You may have noticed that I did the same thing here that I did with 870, i.e., read a condensed version of classical literature of a certain culture. That’s because the only to get a pure 880 is to find a collection classical Greek literature, most of which are several volumes long. I don’t have that kind of time (or that kind of patience). Back in the day, men of stature and learning would study volumes of works by the great Greek and Roman authors, hoping to incorporate some of their past lessons into their lives. And I expect to do some of the same, but that’ll have to wait until I get deeper into this division.

Mary Ellen Snodgrass’s Greek Classics explores the main writers of classical Greece, from Homer and Hesiod to Aesop and Sappho and Aristotle, and the general approach one should take to the various forms of classical literature. She does a very good job of breaking down the components of classical Greek theater so that readers can get a sense of the audience, the players, and the staging and how they interacted to form the basis for Greek cultural thought. I did seem strange to me that a Cliffs Notes book would include poets (since many poems aren’t that long to read), but the context into which each poet is placed is key for many of the texts.

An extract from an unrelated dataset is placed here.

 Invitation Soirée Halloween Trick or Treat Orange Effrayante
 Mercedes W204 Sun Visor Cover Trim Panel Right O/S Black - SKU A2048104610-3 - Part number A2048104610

Reading this book takes just as much time as reading a single original work contained therein, so if you’re just trying to get the outline of a particular piece, then take the time to read it properly. But, if you want a quick overview of the entire field, it’s not a bad way to go. I have a few of the authors in this book slated for other sections in this division, so it helped me a bit to get to know them before diving right in.